In my last blog post, I underscored the “one library” theme — how special collections are integrating into the broader library and beyond. In this post, I’m going to take a look at new ways forward, which mostly (but not entirely) have to do with collections.
The first panel of the conference, “Managing Twenty-First Century Special Collections: Born Analog, Born Digital, and Born Difficult” focused on digital collections in a variety of contexts. Dave Thompson (Wellcome Library) talked about digital collections, both born digital and digitized, and invited the audience to view things from the point of view of the materials, as well as from the perspective of users. Do the format, metadata, rights statements support use and reuse? His presentation reminded us that librarians are custodians, not owners or even the main users of our works. Erin O’Meara (Gates Archive) works in a context where print and digital are integrated. Working with digital materials has caused her to rethink traditional archival practice, and step back in an attempt to understand collections that can’t be taken in visually (at least right now, in an time when we lack adequate tools for processing digital collections). For example, she employs ethnographic strategies, interviewing donors in order to understand the activities that led to creation of records.

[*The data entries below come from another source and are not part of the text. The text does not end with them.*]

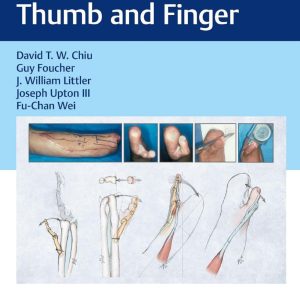 Reconstruction of the Thumb and Finger First Edition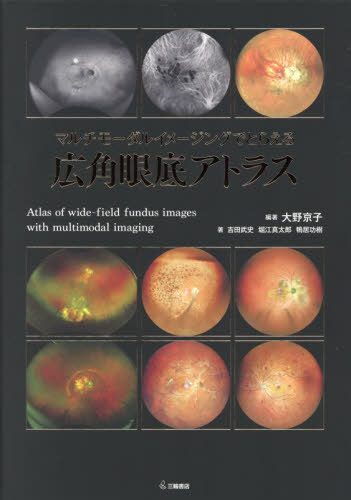 書籍]/精神科治療薬の考え方と使い方 「ストール精神薬理学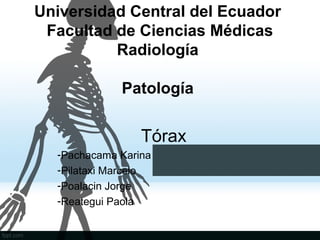 Universidad Central del Ecuador
Facultad de Ciencias Médicas
Radiología
Patología
Tórax
-Pachacama Karina
-Pilataxi Marcelo
-Poalacin Jorge
-Reategui Paola
 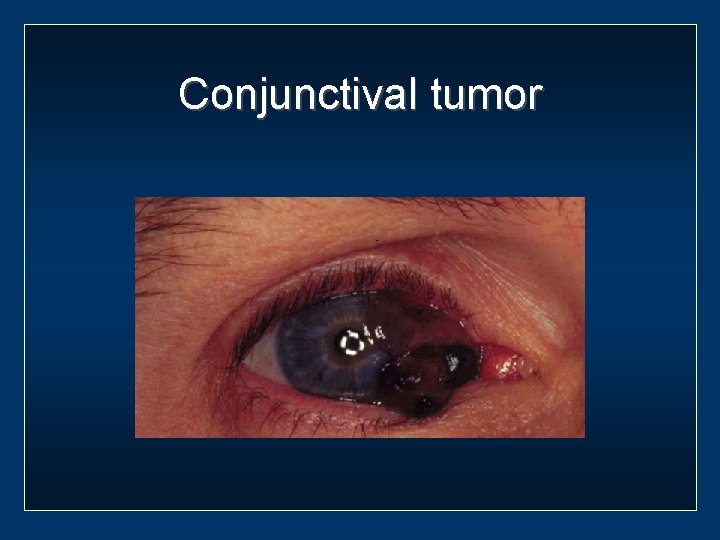 Conjunctival tumor 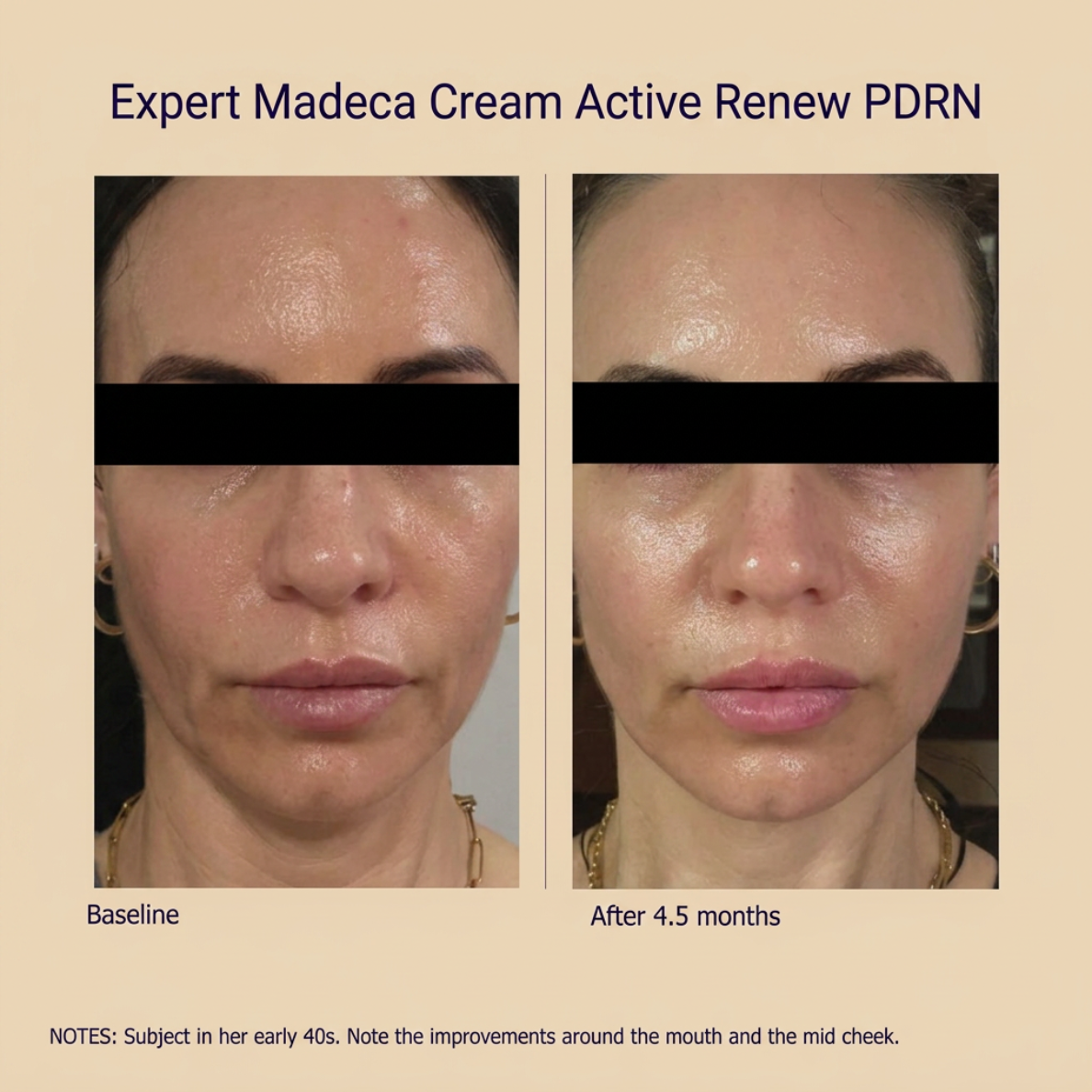 Korean Expert Madeca Cream PDRN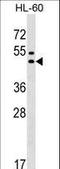 G Protein-Coupled Receptor 20 antibody, LS-C159768, Lifespan Biosciences, Western Blot image 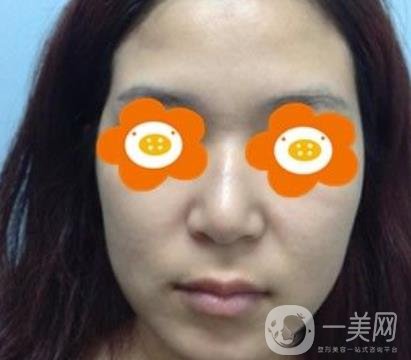 長(zhǎng)沙貝美醫(yī)院做鼻子怎么樣?一覽價(jià)格表費(fèi)用詳情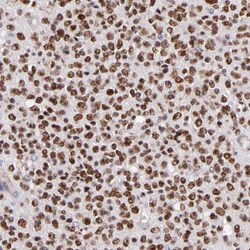 SOX6 Antibody, Novus Biologicals:Antibodies:Primary Antibodies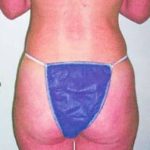Liposuction and VASERLipo Before & After Patient #986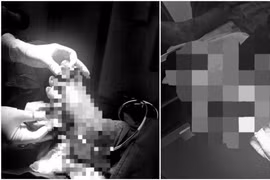 Nối thành công ca đứt rời bàn chân ở Quảng Trị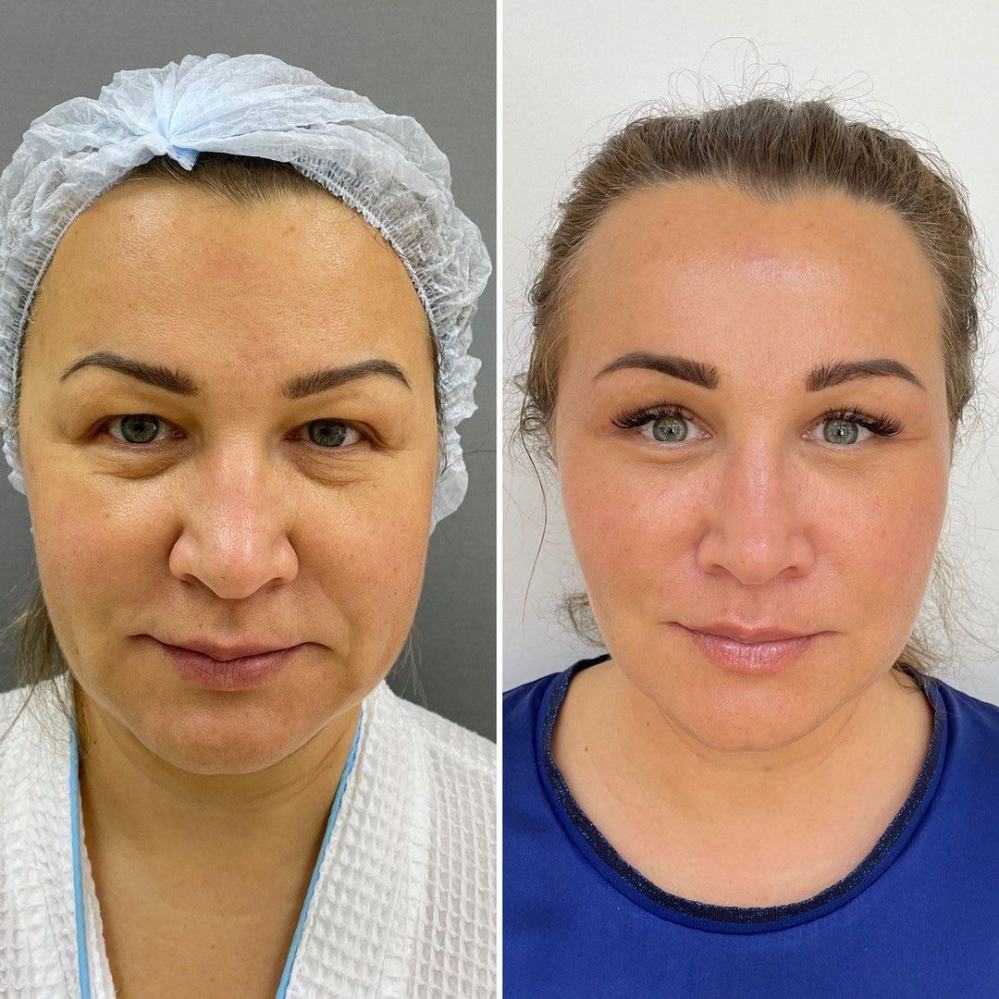 Пациентка хирурга Четвериковой до и после эндоскопического омоложения лица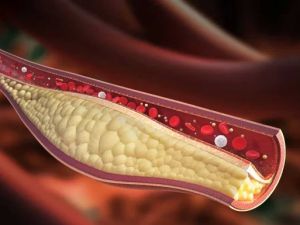 The Connection Between High Cholesterol and Heart Disease Prevention: What You Need to Know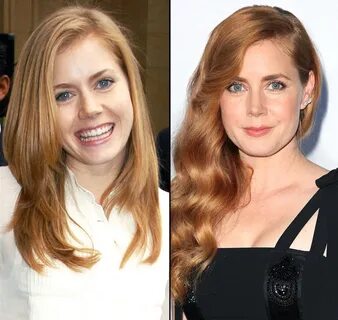 Amy Adams Hair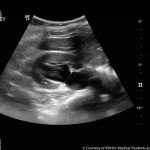אוטלרסאונד תינוק עובר הריון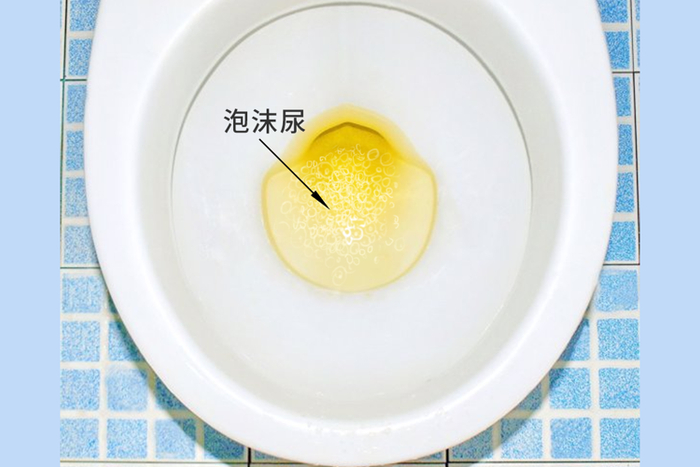 尿尿时为什么会出现泡沫?是肾出了问题?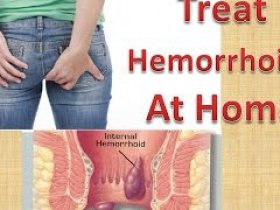 Hemorrhoids Cure
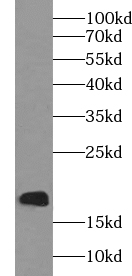 UBE2I antibody|UBE2I抗体 FNab091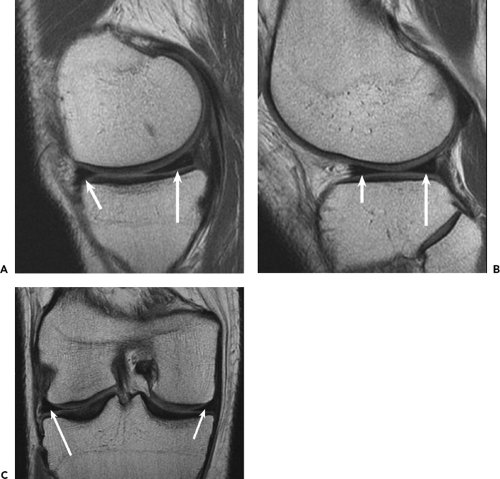 Imaging of the Knee | Musculoskeletal Key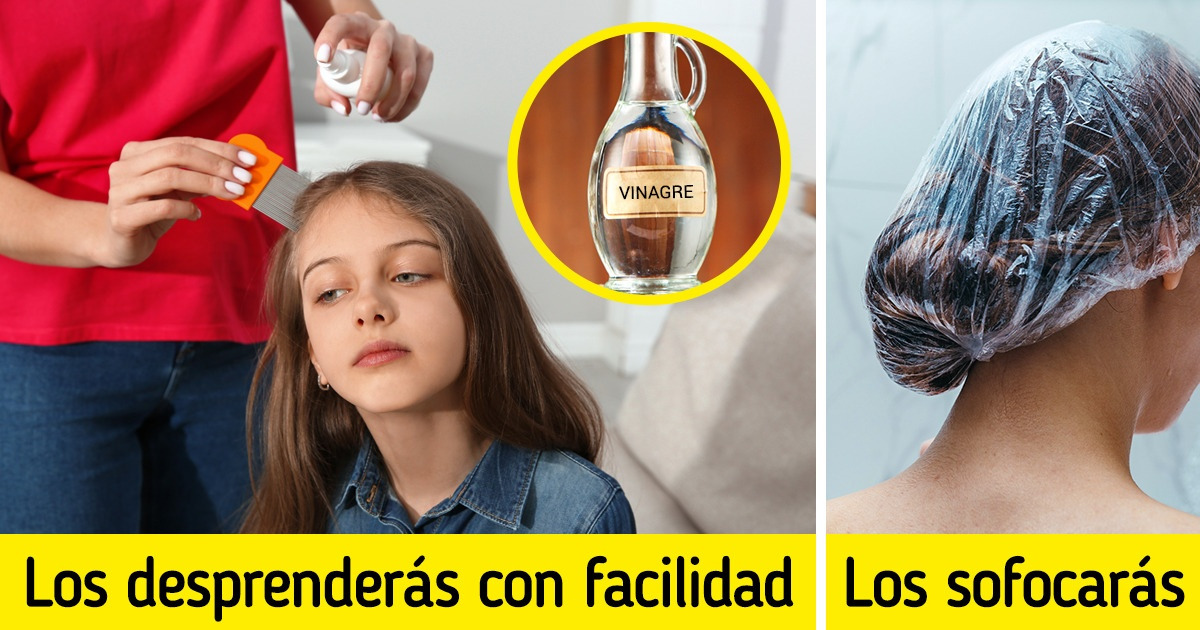 10 Consejos avalados por profesionales que podrían resultarte útiles para erradicar a los piojos 10 Consejos avalados por profesionales que podrían resultarte útiles para erradicar a los piojos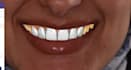 create esthetic veneer designs and dsd in exocad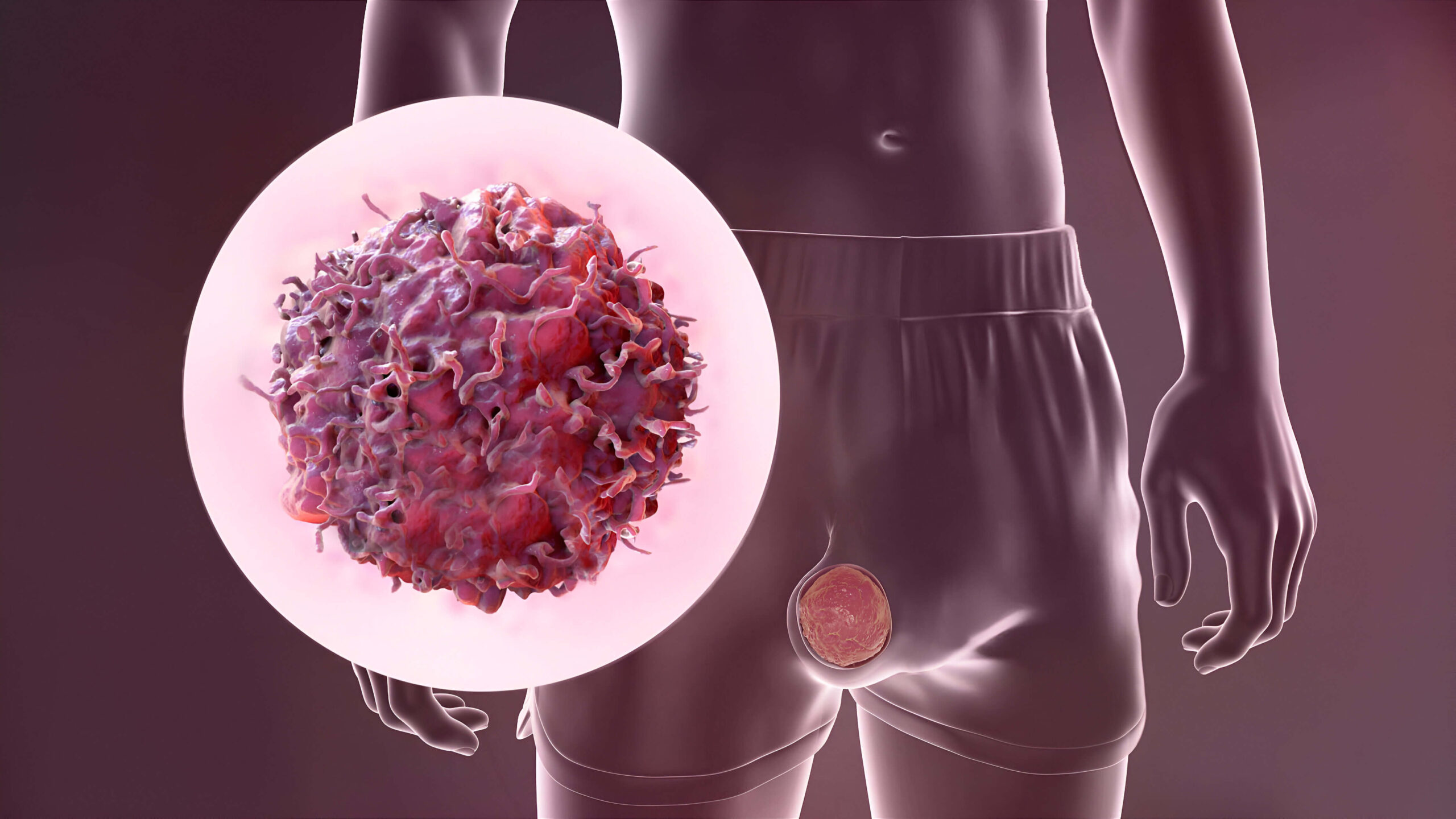 Advanced diagnostic review for urological oncology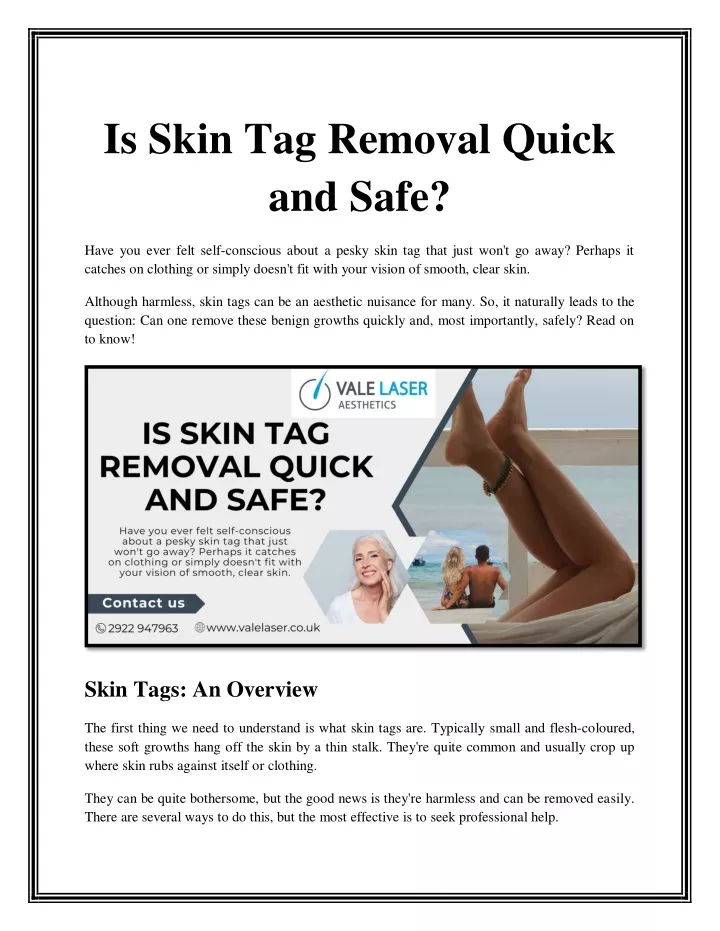 is skin tag removal quick and safe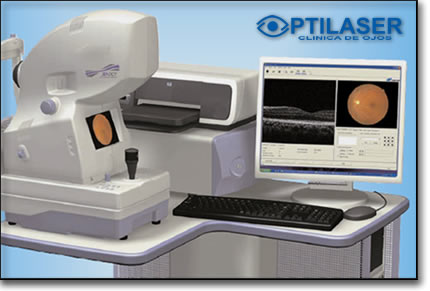 Clinica de ojos Optilaser - Tomografia optica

The presentations also highlighted how difficult going forward can be, in a “one step forward, two steps back” fashion. Michelle Light (University of Nevada, Las Vegas) talked about early born digital efforts at UC Irvine, highlighting particular challenges and solutions in a “let’s make it up as we go along” fashion. For example, UCI opted to grant online access to the Richard Rorty papers by mimicking patterns in the real world (users who requested access first needed to acknowledge use policy before they could be ushered into a virtual reading room). Rights issues and tangled mess of creators, and in order to give online access, staff undertook item-level processing, which is distinctly non ideal and definitely not scalable, particularly in light of the daunting quantity of digital materials. In Greene-Meissner terms, we need tools and techniques that will take us from the tweezers to the shovel.
Details for the UCI Richard Rorty Papers, from Michelle Light’s presentation
Other presentations that illustrated how special collections are moving forward on the collections front were in the panel on “stakeholders.” Katherine Reagan’s presentation on the Cornell Hip Hop Collection is the prime example of striking out in new ways. What surprised me about this collection is that it was developed not to support academic programs at Cornell, but to document an important social movement. This noble goal was not without challenges — the library faced significant skepticism from the community, but also was challenged in coming up with appropriate staffing for the collection. The project took a novel approach of developing an community advisory board to help with necessary outreach and to establish important lines of communication. And the Cornell academic community stepped up, making use of the new collection.
The Cornell Hip Hop Collection is also a good example of how the nature of collections are changing: the collection website says that the collection “features: hundreds of party and event flyers ca. 1977-1985; thousands of early vinyl recordings, cassettes and CDs; film and video; record label press packets and publicity; black books, photographs, magazines, books, clothing, and more.” It’s a good reminder that as collections are less and less about books and journals, and more and more about material culture, our tried and true tools and techniques will need to change and adapt. Our systems are great for books, but what about (as Michael Stoller from NYU quipped during a follow up reactor panel) pizza boxes from the Occupy Wall Street Movement demonstrations.
You can view the videos for the Thompson, O’Meara, and Light presentations, as well as the video of the reactor panel and audience Q & A from the “born difficult” panel from the event webpage.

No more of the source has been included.